Without including any images, please transcribe all the lines below exactly.

• EXERCISE DATA:
* * * * * * * * *

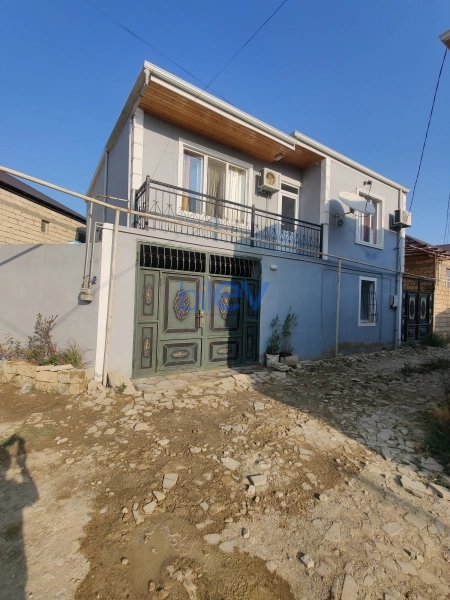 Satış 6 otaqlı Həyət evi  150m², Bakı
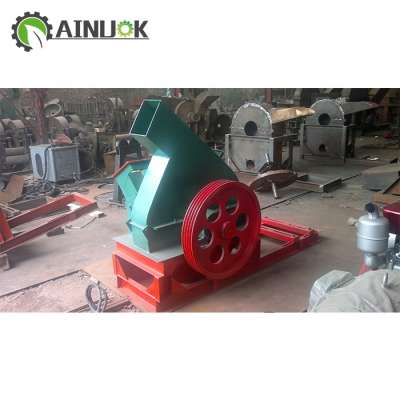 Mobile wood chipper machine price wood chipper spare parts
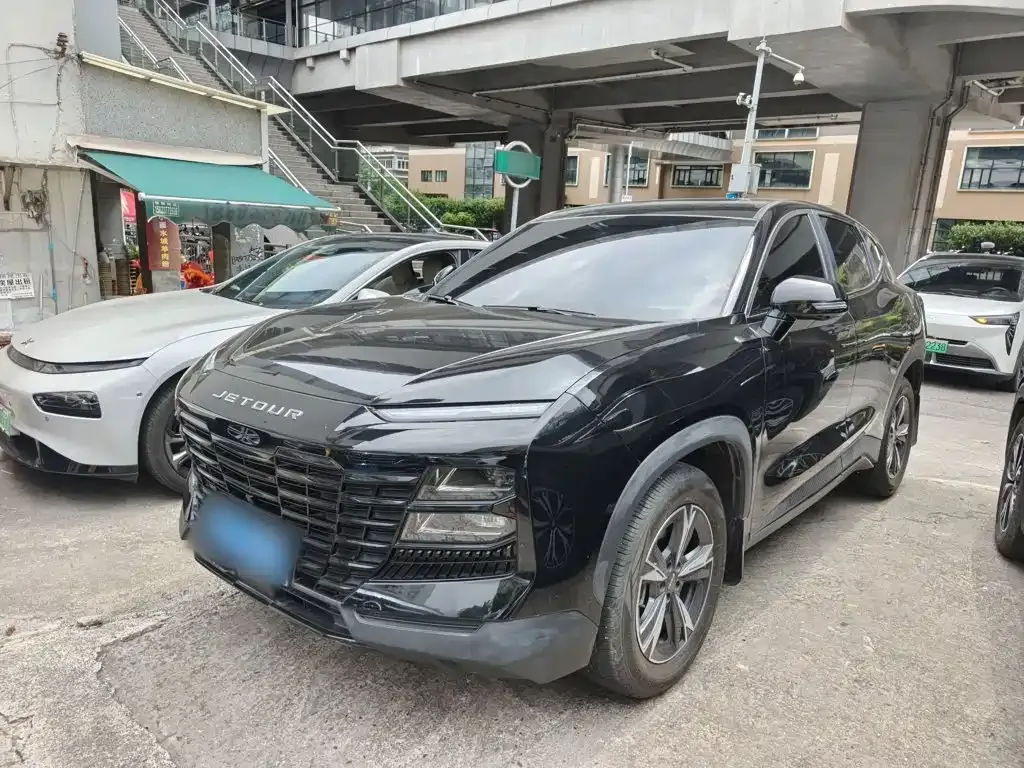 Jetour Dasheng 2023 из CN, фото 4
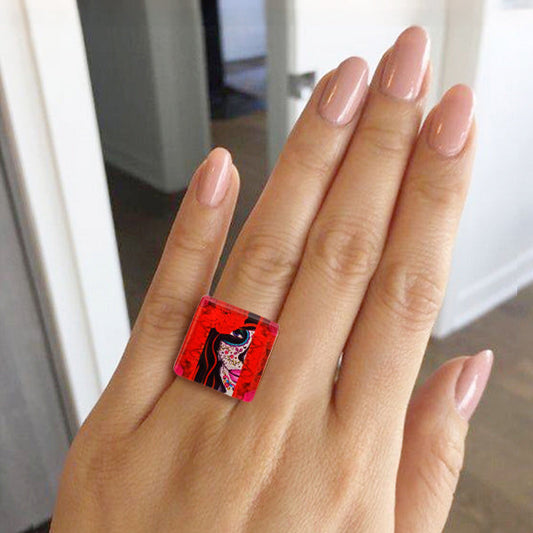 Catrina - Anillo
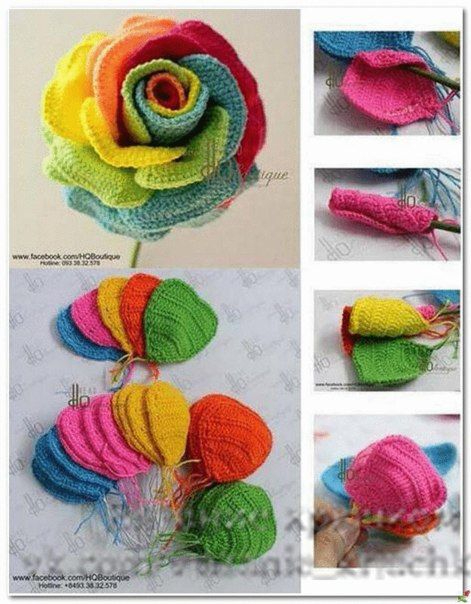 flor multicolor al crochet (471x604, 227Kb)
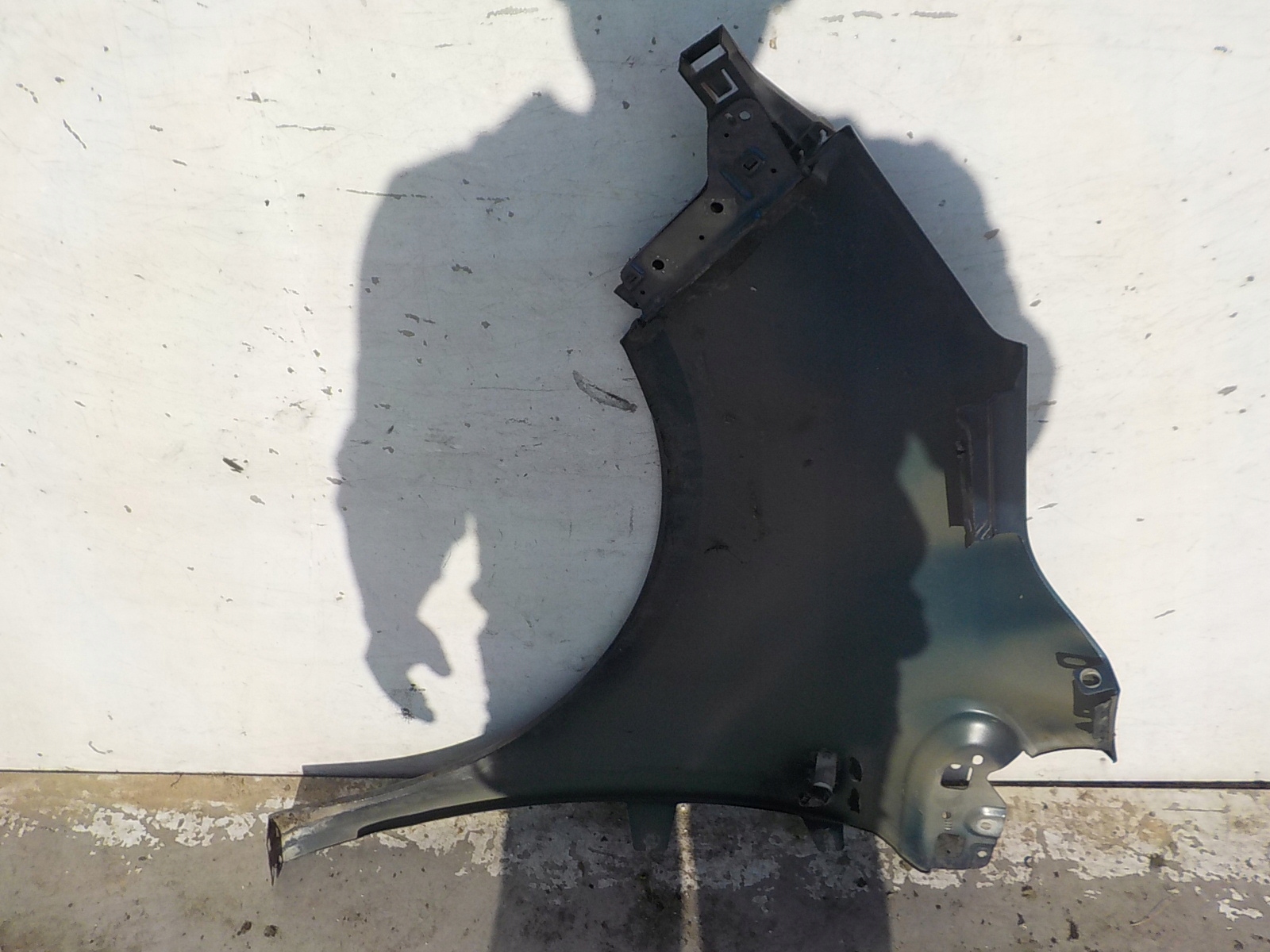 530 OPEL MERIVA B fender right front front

* * * * * * * * *

• ANSWER TO THIS PROBLEM:
 Satış 6 otaqlı Həyət evi  150m², Bakı
 Mobile wood chipper machine price wood chipper spare parts
 Jetour Dasheng 2023 из CN, фото 4
 Catrina - Anillo
 flor multicolor al crochet (471x604, 227Kb)
 530 OPEL MERIVA B fender right front front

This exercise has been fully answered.